Making Explicit Connections:
DCIs and CCCs
An important feature of lessons and units that align with the vision of three-dimensional science teaching, is that explicit and meaningful connections are made among the three dimensions.
“A coherent and consistent approach throughout grades K-12 is key to realizing the vision for science and engineering education embodied in the framework: that students, over multiple years of school, actively engage in science and engineering practices and apply crosscutting concepts to deepen their understanding of each field’s disciplinary core ideas.” (NRC, 2012, p. 2, emphasis added)
In the case of linking Disciplinary Core Ideas (DCIs) with Crosscutting Concepts (CCCs), the larger question to be asked is: How is your lesson or unit making explicit connections between the DCIs and CCCs targeted in instruction?
Instructions for the 3D Map
- List specific examples from your lesson or unit where students are making explicit connections between particular components of DCIs and particular components of CCCs.

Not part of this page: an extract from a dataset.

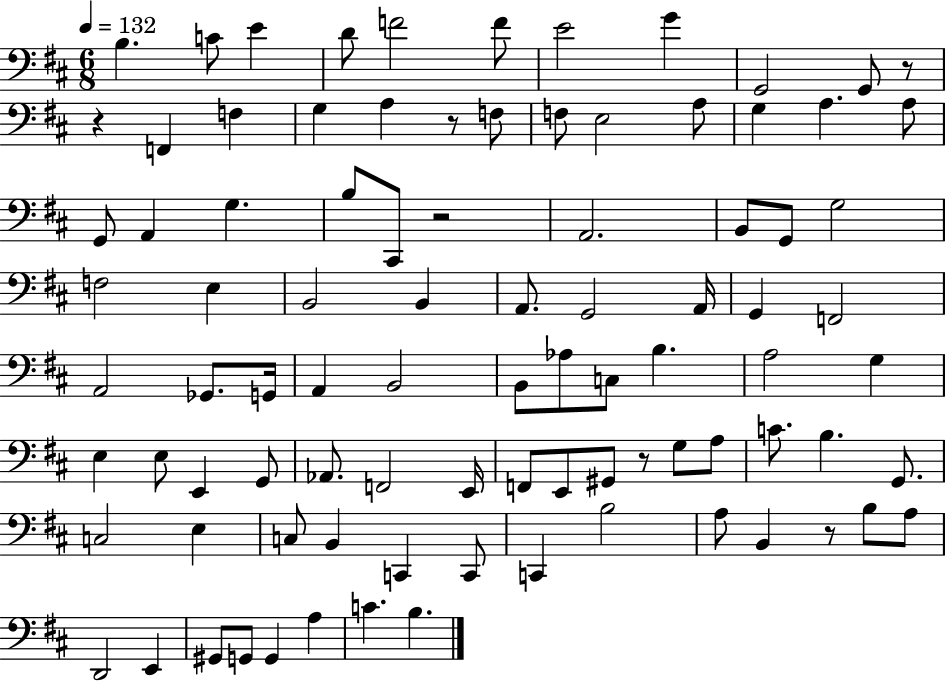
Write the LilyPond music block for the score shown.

- Describe your reasoning for how the DCI and CCC are linked in each example.
In identifying explicit connections between DCIs and CCCs in your lesson or unit, you should ask yourself:
- How is student engagement with the particular component of the chosen DCI helping to deepen their knowledge of a particular component of the selected CCC?
- Example: Students may compare observed patterns (CCC #1) in one investigation to the patterns that they observe in a different investigation in order to deepen their understanding of the DCIs underlying both investigations.
- Example: As students learn about the macroscopic features of embryos of different organisms, they are comparing patters of similarities in the embryological development across difference specifies.
- How is students’ application of particular components of CCCs helping to deepen their understanding of particular DCIs?
- Example: Students may describe the structure and function (CCC #6) of the different components of a cell to explain how they come together to contribute to the overall functioning of a cell (DCI LS1.A).
- Example: As students understand cause and effect (e.g., multiple cause and effect relationships in a system), they are identifying the various causes and effects across different scientific phenomena (e.g., the role of natural selection in prevalence of certain traits, human impact and climate change).
- Are the connections between DCIs and CCCs made explicit to the students through instruction?
National Research Council. (2012). A Framework for K-12 Science Education: Practices, Crosscutting Concepts, and Core Ideas. Committee on a Conceptual Framework for New K-12 Science Education Standards. Board on Science Education, Division of Behavioral and Social Sciences and Education. Washington, DC: The National Academies Press.